Rgecbaku 2009

Rhythmic Gymnastics European Championships

Welcome to Rhythmic Gymnastics European Championships – Baku – 2009

The 25th Rhythmic Gymnastics European Championships was opened on May 15, 2009 in Baku, Azerbaijan in the Heydar Aliyev Sports-Concert Complex and ended on May 17.

186 gymnasts from 32 countries were scheduled to participate.

The Head of the European Union of Gymnastics Dimitrios Dimitropulos said at an official opening ceremony that "the championship has been organized in line with high standards."


1st Place - Gold - Russia

2nd Place - Silver - Azerbaijan

3rd Place - Bronze - Ukraine

History of Rhythmic Gymnastics European Championships

The first European Championships in rhythmic gymnastics took place in Madrid, Spain on November 10-12, 1978. Soviet gymnast Galima Shugurova became the first overall champion at that time. After her, other gymnasts from USSR and Bulgaria, Russia and Ukraine, as well as Azerbaijan became the best rhythmic gymnasts of Europe.

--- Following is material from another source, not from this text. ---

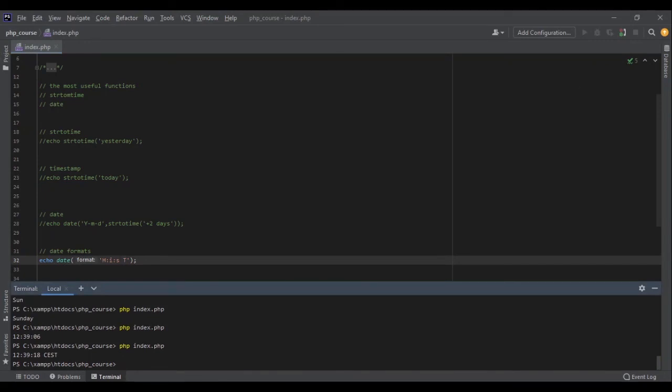As I mentioned, you can see a long list of these formats in the link I shared in the description. And now we have reached the end of this topic. Let's get to the next one.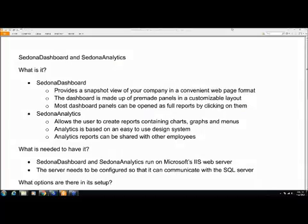This video will present the concepts of what you need to get Sedona Dashboard and Sedona Analytics up and operating on your system. We'll start by a brief definition. What is it?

A champion of the Olympic Games (Athens 2004) Alina Kabayeva is the record-breaker according to the quantity of gold medals won – 5 times!

The present European champion is another Russian gymnast, the winner of the Olympic Games in Beijing 2008, Yevgeniya Kanayeva.

What is Rhythmic gymnastics?

Rhythmic gymnastics is a sport in which individuals or groups of five manipulate one or two pieces of apparatus: rope, hoop, ball, clubs, ribbon and freehand (no apparatus). Rhythmic gymnastics is a sport that combines elements of ballet, gymnastics, dance, and apparatus manipulation. The victor is the participant who earns the most points, determined by a panel of judges, for leaps, balances, pirouettes (pivots), apparatus handling, and execution. The choreography must cover the entire floor and contain a balance of jumps, leaps, pivots, balances (a certain number is required depending on the gymnast's level) and flexibility movements. Each movement involves a high degree of athletic skill. Physical abilities needed by a rhythmic gymnast include strength, power, flexibility, agility, dexterity, endurance and hand-eye coordination.

The sport is governed by the Federation Internationale de Gymnastique (FIG), which designs the Code of Points and regulates all aspects of international elite competition. The largest events in the sport are the Olympic Games, World Championships, European Championships, World Cup and Grand-Prix Series.